ストレート:140キロ~最速147キロ 
☆☆☆★ 3.5

 剛速球というより、
キレと勢いのある球を投げ込む。そのため空振りを誘える一方で、勢いが鈍ると甘く入り、長打を浴びやすいタイプかもしれない。それ以上に気になるのは、球が高めに抜けたり、制球のバラつきが大きい点。本当の意味での制球力がないことが、今後の課題となりそうだ。

横変化:スライダー 
☆☆☆ 3.0

 横に滑るスライダーとのコンビネーションで投球を組み立てる。空振りを誘うというより、この球でカウントを稼ぎ、真っ直ぐの粗さを補っている。

縦の変化:チェンジアップ? 
☆★ 1.5

 チェンジアップ系の球があるように見えるが、単にスライダーが外角に流れただけかもしれない。少なくとも、頼れる変化球としては機能していないようだ。

緩急:カーブ? 
不明

 そういった球種も投げるらしいが、投球時に明確に確認できず。少なくとも、余裕がある場面でなければ使えない球だと考えられる。

その他:
☆☆☆ 3.0

 クイックは1.05~1.10秒程度でまずまず。
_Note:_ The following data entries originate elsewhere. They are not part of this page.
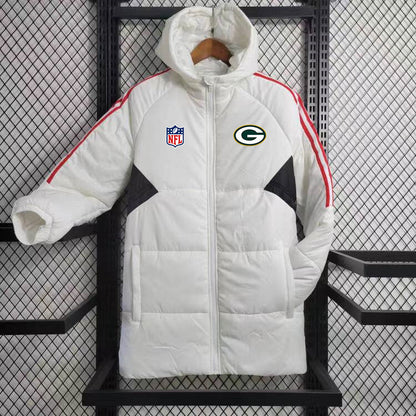 Green Bay Packers Hooded Coat Down Jacket - White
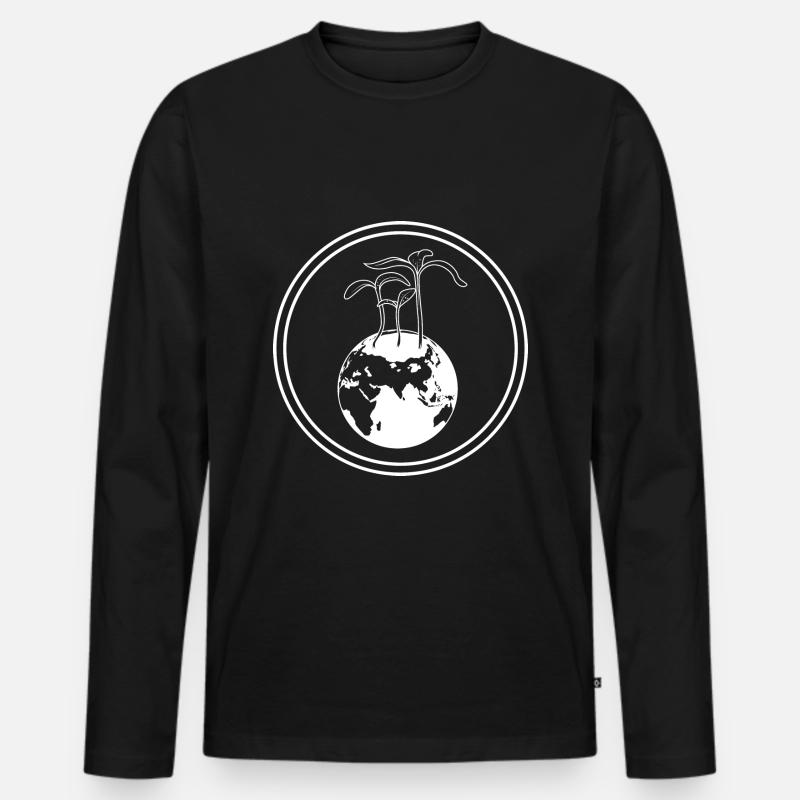 Planet Erde - Männer Premium Bio Langarmshirt - Schwarz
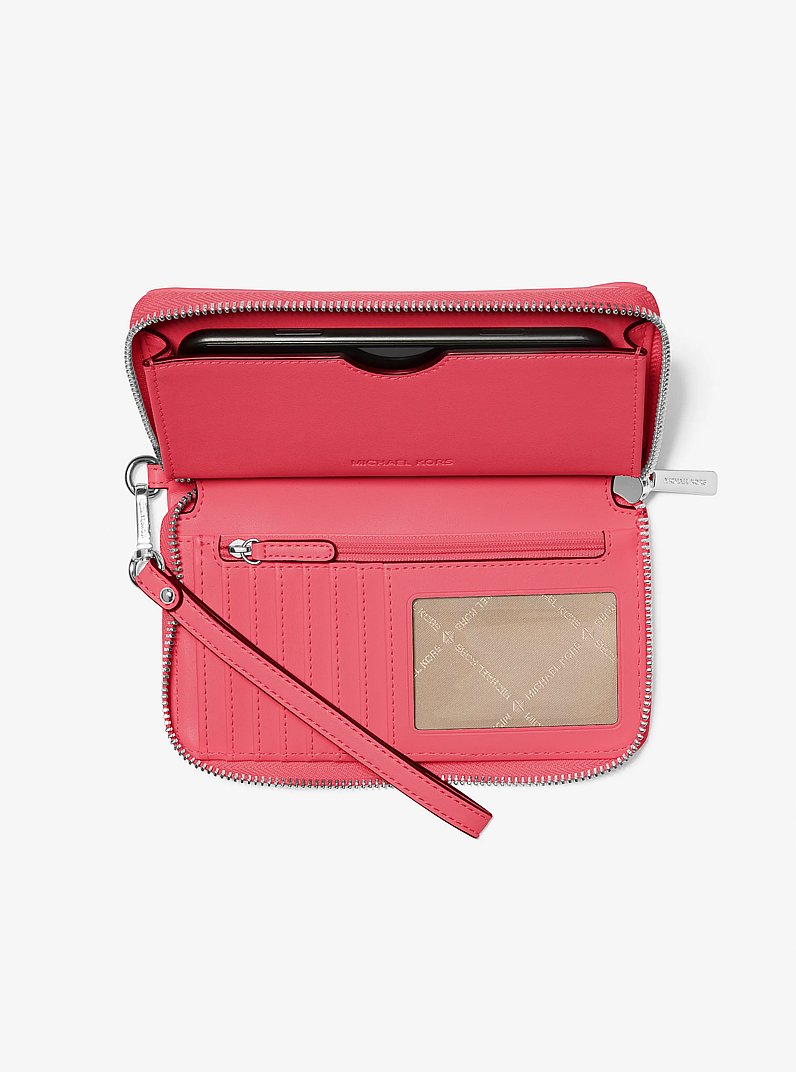 Jet Set Large Heart Embroidered Smartphone Wristlet in HIBISCUS | Michael Kors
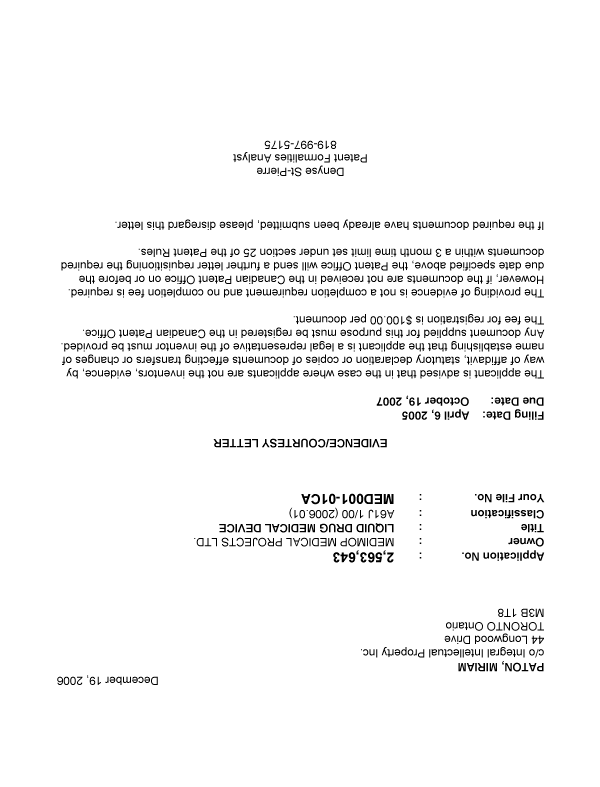 Document de brevet canadien 2563643. Correspondance 20061214. Image 1 de 1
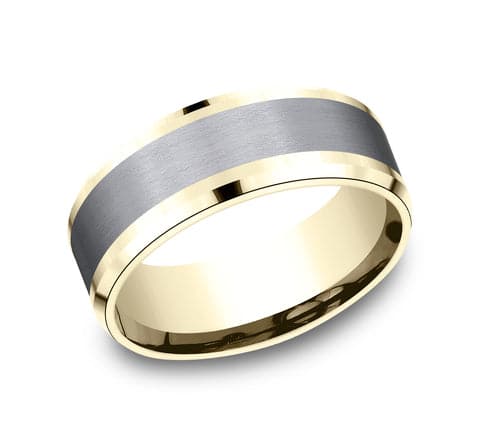 14k Gold & Tantalum 8mm Men's Wedding Band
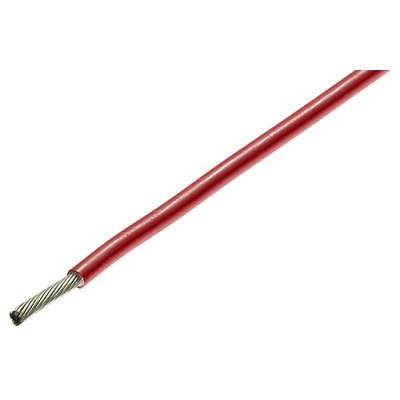 TE Connectivity 99M Series Red 0.22 mm² Hook Up Wire 24 AWG 19x0.12 mm strands 100 m Polyester Jacket 600V 125°C 99M0111-24-2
牽制やフィールディングも平均的。ランナーを背負うと、ボールをじっくり持って打者や走者を焦らすなど、マウンドさばきはできている。制球は荒れ気味だが、
投手としてのセンスや経験は持ち合わせている選手と言えるだろう。

投球のまとめ

 豊作の高校生左腕の中でも、社会人入りを表明している芹澤大地(高蔵寺)に次ぐ球速の持ち主だと言える。
真っ直ぐの魅力は確かだが、制球の粗さによる不安定さが課題。その点をどう評価するかでスカウトの意見は分かれそうだが、惚れ惚れするような腕の振りから投げ込む選手だけに、今回のドラフトで何らかの形で指名されるのは間違いなさそうだ。





投球フォーム

 彼の今後を占う意味でも、フォームを分析して考えてみたい。セットポジションから足を引き上げる勢いや高さは適度で、フォーム前半からエネルギーを生み出す力が強い
リリーフ向きのフォームと言える。軸足一本で立った際、膝から上がピンと伸びがちで、バランスを保つために余計な力が入りやすく、制球を乱しやすい立ち方になっている。

広がる可能性 
☆☆ 2.0

 引き上げた足をピンと伸ばしきる前に重心を下げてしまうため、お尻がバッテリーライン上に落ちてしまう。これにより体を捻り出すスペースが確保できず、カーブやフォークといった捻り出して投げる球種の習得は難しいと考えられる。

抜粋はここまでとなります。